Hunan Provincial Key Lab on Bioinformatics, Central South University, Changsha 410083, China.
Bioinformatics. 2023 May 4;39(5). doi: 10.1093/bioinformatics/btad211.
Hi-C technology has been the most widely used chromosome conformation capture (3C) experiment that measures the frequency of all paired interactions in the entire genome, which is a powerful tool for studying the 3D structure of the genome. The fineness of the constructed genome structure depends on the resolution of Hi-C data. However, due to the fact that high-resolution Hi-C data require deep sequencing and thus high experimental cost, most available Hi-C data are in low-resolution. Hence, it is essential to enhance the quality of Hi-C data by developing the effective computational methods.
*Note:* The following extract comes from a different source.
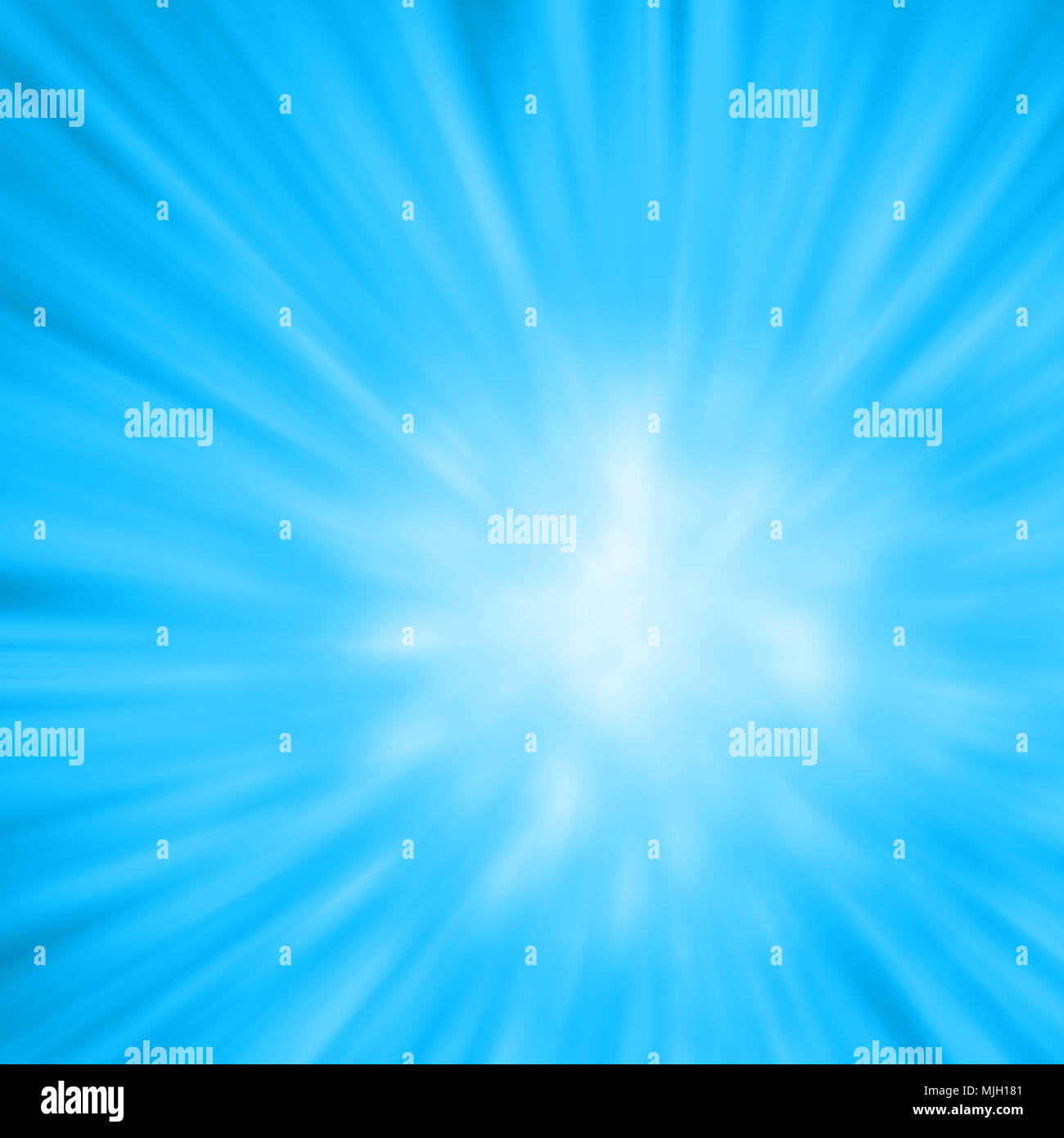 blue Background abstract explosion Stock Photo - Alamy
In this work, we propose a novel method, so-called DFHiC, which generates the high-resolution Hi-C matrix from the low-resolution Hi-C matrix in the framework of the dilated convolutional neural network. The dilated convolution is able to effectively explore the global patterns in the overall Hi-C matrix by taking advantage of the information of the Hi-C matrix in a way of the longer genomic distance. Consequently, DFHiC can improve the resolution of the Hi-C matrix reliably and accurately. More importantly, the super-resolution Hi-C data enhanced by DFHiC is more in line with the real high-resolution Hi-C data than those done by the other existing methods, in terms of both chromatin significant interactions and identifying topologically associating domains.
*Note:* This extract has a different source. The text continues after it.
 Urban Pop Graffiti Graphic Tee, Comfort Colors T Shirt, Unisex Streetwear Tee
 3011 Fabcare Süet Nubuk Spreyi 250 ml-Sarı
Hi-C 技术是最广泛使用的染色体构象捕获(3C)实验,用于测量整个基因组中所有配对相互作用的频率,是研究基因组三维结构的有力工具。构建的基因组结构的精细程度取决于 Hi-C 数据的分辨率。然而,由于高分辨率 Hi-C 数据需要深度测序,因此实验成本很高,大多数可用的 Hi-C 数据都是低分辨率的。因此,通过开发有效的计算方法来提高 Hi-C 数据的质量是至关重要的。
在这项工作中,我们提出了一种新的方法,称为 DFHiC,它在扩张卷积神经网络的框架中,从低分辨率的 Hi-C 矩阵生成高分辨率的 Hi-C 矩阵。扩张卷积能够通过以更长的基因组距离的方式利用 Hi-C 矩阵的信息,有效地探索整个 Hi-C 矩阵中的全局模式。因此,DFHiC 可以可靠而准确地提高 Hi-C 矩阵的分辨率。更重要的是,DFHiC 增强的超高分辨率 Hi-C 数据在染色质显著相互作用和识别拓扑关联域方面,比其他现有方法更符合真实的高分辨率 Hi-C 数据。